[Stored data]

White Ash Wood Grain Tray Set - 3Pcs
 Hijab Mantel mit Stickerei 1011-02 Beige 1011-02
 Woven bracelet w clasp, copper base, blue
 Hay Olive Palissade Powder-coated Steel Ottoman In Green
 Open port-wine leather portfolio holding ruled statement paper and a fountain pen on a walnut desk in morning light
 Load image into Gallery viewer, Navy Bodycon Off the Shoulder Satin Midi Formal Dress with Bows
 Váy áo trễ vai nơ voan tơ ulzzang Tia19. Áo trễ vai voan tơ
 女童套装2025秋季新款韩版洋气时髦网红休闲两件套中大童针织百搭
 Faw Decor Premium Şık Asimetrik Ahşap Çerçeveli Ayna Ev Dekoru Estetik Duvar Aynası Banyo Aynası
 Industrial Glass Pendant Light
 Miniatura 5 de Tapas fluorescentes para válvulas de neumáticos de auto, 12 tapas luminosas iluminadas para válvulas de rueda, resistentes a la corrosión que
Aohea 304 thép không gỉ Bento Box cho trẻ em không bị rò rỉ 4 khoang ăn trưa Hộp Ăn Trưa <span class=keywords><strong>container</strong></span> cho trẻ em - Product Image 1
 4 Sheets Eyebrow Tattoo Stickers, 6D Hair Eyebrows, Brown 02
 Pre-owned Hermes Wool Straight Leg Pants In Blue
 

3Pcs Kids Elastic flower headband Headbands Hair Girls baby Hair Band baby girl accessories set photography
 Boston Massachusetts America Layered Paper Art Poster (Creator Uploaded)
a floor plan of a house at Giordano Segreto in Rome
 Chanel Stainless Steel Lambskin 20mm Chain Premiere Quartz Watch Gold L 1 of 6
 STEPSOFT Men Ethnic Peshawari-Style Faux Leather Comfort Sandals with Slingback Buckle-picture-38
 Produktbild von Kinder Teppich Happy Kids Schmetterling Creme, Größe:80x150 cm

**WHAT THIS TASK INVOLVES:**
What you return must be the lines above that run from the line with "3Pcs Kids Elastic" to the line with "a floor plan", inclusive, each copied exactly.

**ANSWER SPACE:**
3Pcs Kids Elastic flower headband Headbands Hair Girls baby Hair Band baby girl accessories set photography
 Boston Massachusetts America Layered Paper Art Poster (Creator Uploaded)
a floor plan of a house at Giordano Segreto in Rome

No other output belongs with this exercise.